* Work instructions:
Please return the records below exactly as they stand, with the pictures removed.

▬▬▬▬▬▬

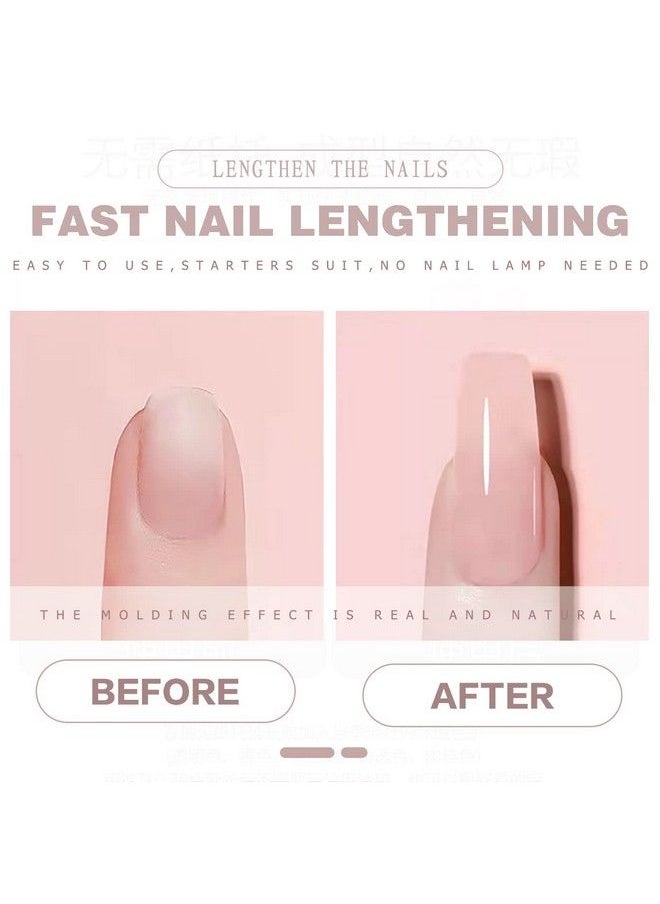 AIJIMEI - Acrylic Powder Acrylic Nail Kit With Professional Liquid Monomer And Acrylic Nail Brush Cleaneracrylic Nail Tools Set Nail Extension Acrylic Nail System - Image 1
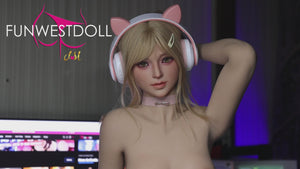 Alice Sex doll (FunWest Doll 159cm A-cup #038 TPE)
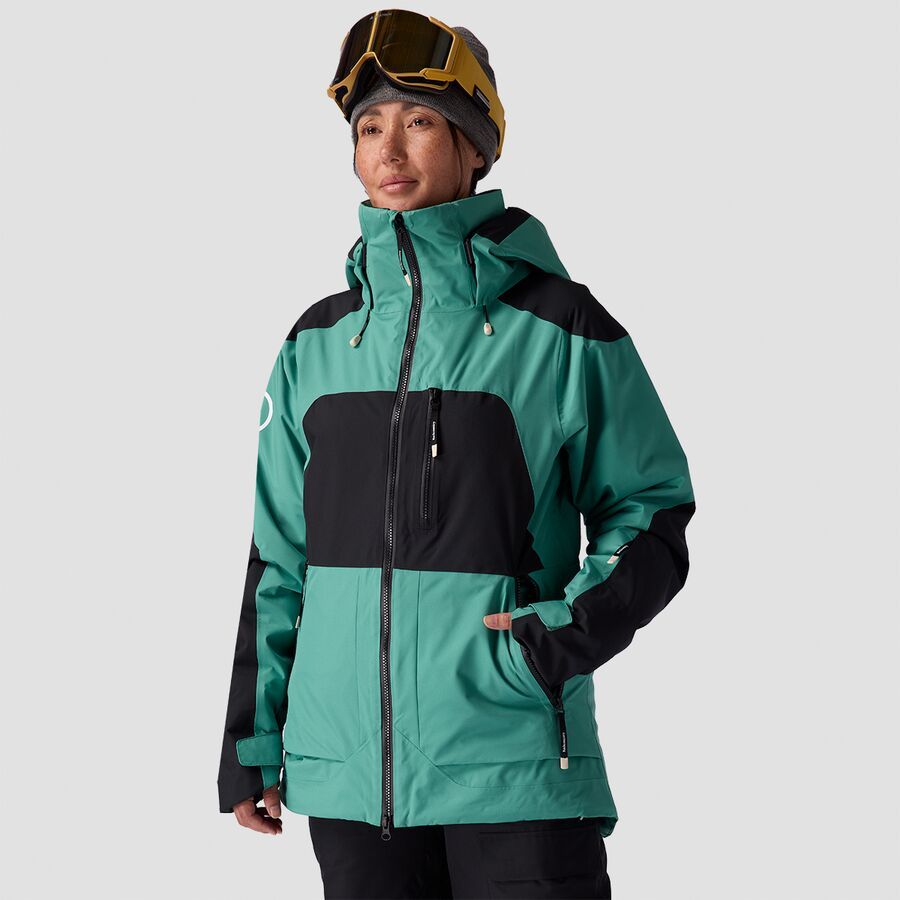Backcountry CrestCruiser Insulated Jacket - Women's Gearhead Green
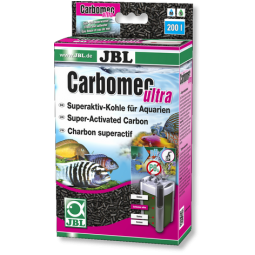 JBL Carbomec ultra - Суперактивный гранулированный уголь д/фильтров в морск акв, 400 г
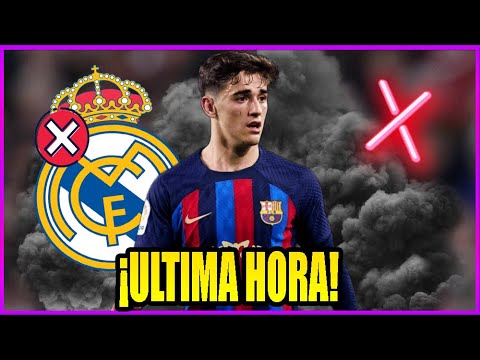 ¡NO ME LO PUEDO CREER! ¡NOTICION INESPERADO CON GAVI! SALTAN LAS ALARMAS | NOTICIAS REAL MADRID HOY
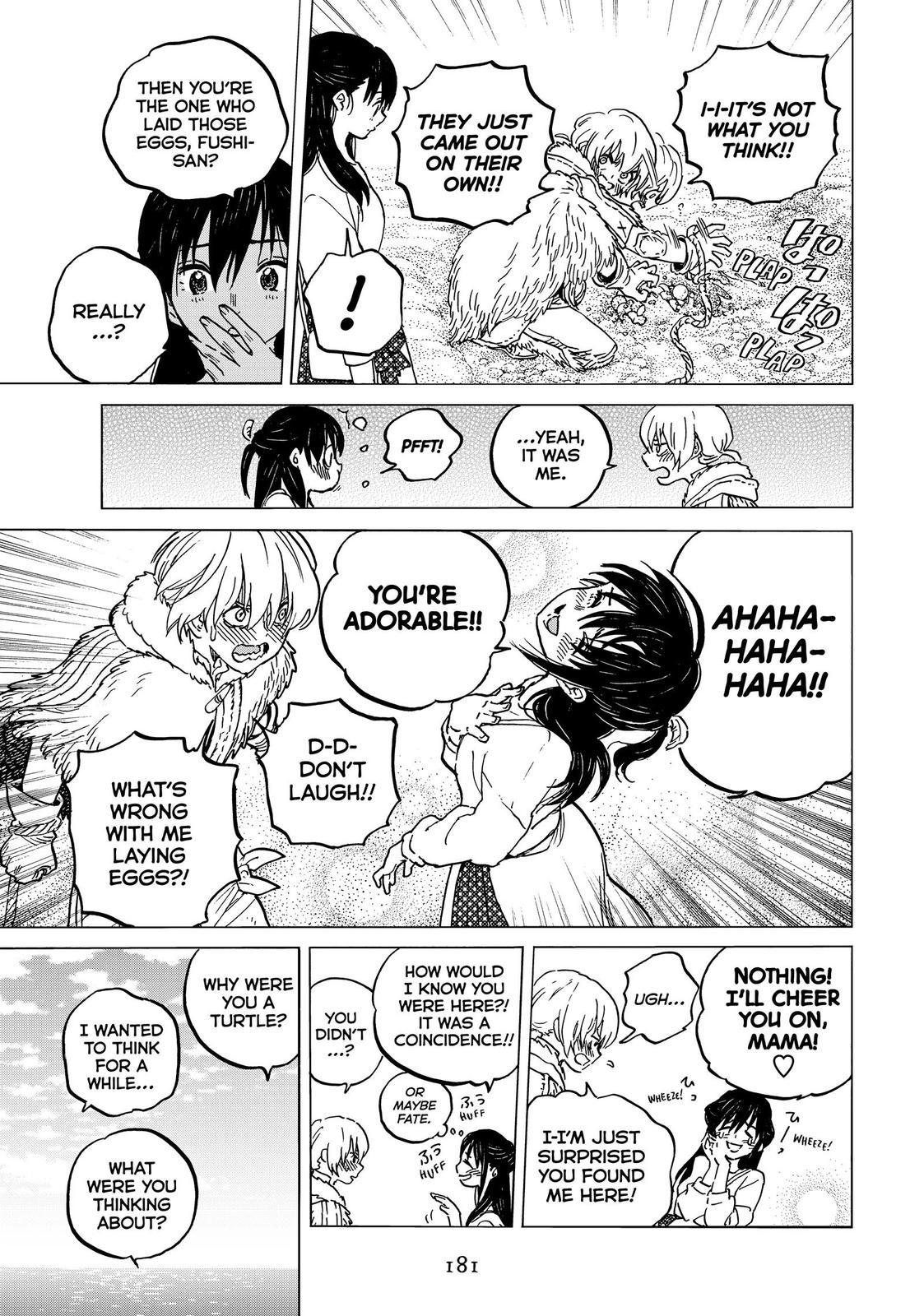 Read To Your Eternity  EN Manga Online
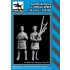 1/35 WWI Scottish Piper & Officer (2 figures)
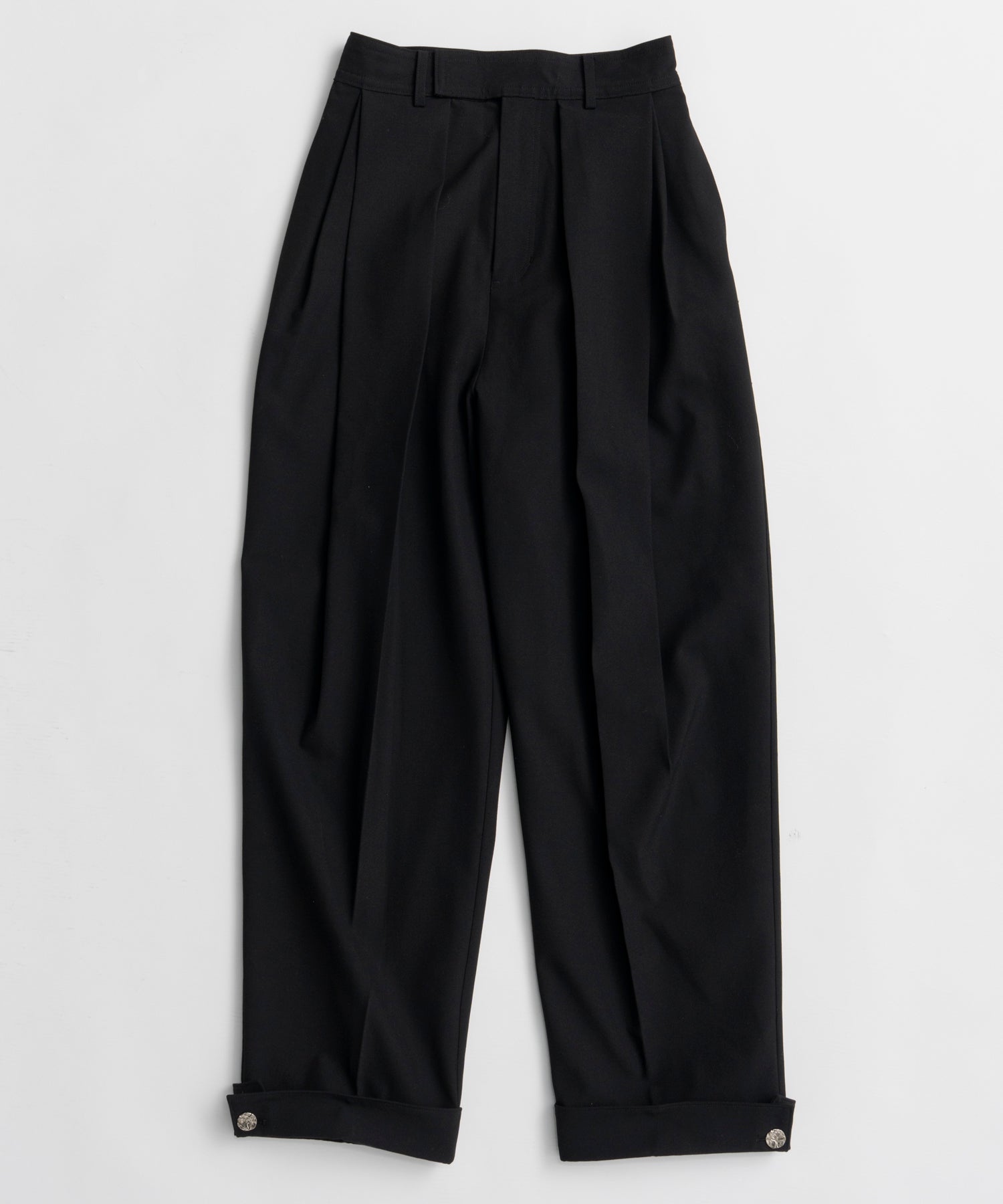 【26WINTER PRE-ORDER】Wide Tuck Pants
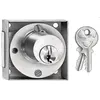 Image de Serrure V135 V5 diamètre 25mm gauche carré 20mm profondeur 28mm - VACHETTE - 11318000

▬▬▬▬▬▬

* Final answer:
 AIJIMEI - Acrylic Powder Acrylic Nail Kit With Professional Liquid Monomer And Acrylic Nail Brush Cleaneracrylic Nail Tools Set Nail Extension Acrylic Nail System - Image 1
 Alice Sex doll (FunWest Doll 159cm A-cup #038 TPE)
Backcountry CrestCruiser Insulated Jacket - Women's Gearhead Green
 JBL Carbomec ultra - Суперактивный гранулированный уголь д/фильтров в морск акв, 400 г
 ¡NO ME LO PUEDO CREER! ¡NOTICION INESPERADO CON GAVI! SALTAN LAS ALARMAS | NOTICIAS REAL MADRID HOY
 Read To Your Eternity  EN Manga Online
 1/35 WWI Scottish Piper & Officer (2 figures)
 【26WINTER PRE-ORDER】Wide Tuck Pants
 Image de Serrure V135 V5 diamètre 25mm gauche carré 20mm profondeur 28mm - VACHETTE - 11318000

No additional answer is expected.